Fashion
“Lovers Rock” Star Amarah-Jae St. Aubyn on Janet Kay, Harry Potter, and Working with Steve McQueen
“That was the anthem on the set,” St. Aubyn says of Kay’s ballad “Silly Games.” “Sometimes the girls would be in the dressing room, and you’d hear one of the boys trying to reach the high parts…It was the tune.”…
After Lovers Rock premiered at the New York Film Festival in September, early reactions to the film, directed and co-written by Steve McQueen (12 Years a Slave; Widows), fixated on its “vibes”—some heady combination of joyfulness, sensuality, and just a hint of danger. Set mainly at a bustling Notting Hill house party in 1980, the roughly hour-long drama, starring Micheal Ward and Amarah-Jae St. Aubyn (in her screen debut), takes its name from a subgenre of reggae popular in the 1970s, using the thrummy 1979 ballad “Silly Games” by Janet Kay as its pseudo-theme song.

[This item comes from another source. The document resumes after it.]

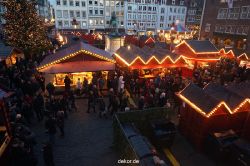 weihnachtsmaerkte-2013-duesseldorf-rathausplatz-004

“That was the anthem on the set,” St. Aubyn tells me, calling from her home in Southeast London. “Sometimes the girls would be in the dressing room, and you’d hear one of the boys trying to reach the high parts…It was the tune of the two weeks [of shooting].”
Appearing on Amazon Prime this Friday, Lovers Rock belongs to McQueen’s new anthology series, Small Axe, about London’s West Indian community between the 1960s and 1980s. If it’s not as tightly plotted as the other sections—which are variously about the racism of the Metropolitan Police (Mangrove; Red, White and Blue); how the British schooling system fails Black children (Education); and the novelist and former DJ Alex Wheatle (Alex Wheatle), all based on real events—it made for an evocative first glance at the project, foregrounding both the close communal ties of England’s Jamaican, Trinidadian, and Grenadan immigrants, and the prejudice they faced from white Britons. (In one scene from Lovers Rock, St. Aubyn’s character Martha is menaced by a gang of white no-goodniks outside the party.) Sometimes known as the “Windrush generation”—the HMT Empire Windrush ferried hundreds of Caribbean émigrés to the U.K. in 1948—nearly half a million people relocated to England from the West Indies in the 1950s and ’60s, attracted by labor shortages in the wake of World War II.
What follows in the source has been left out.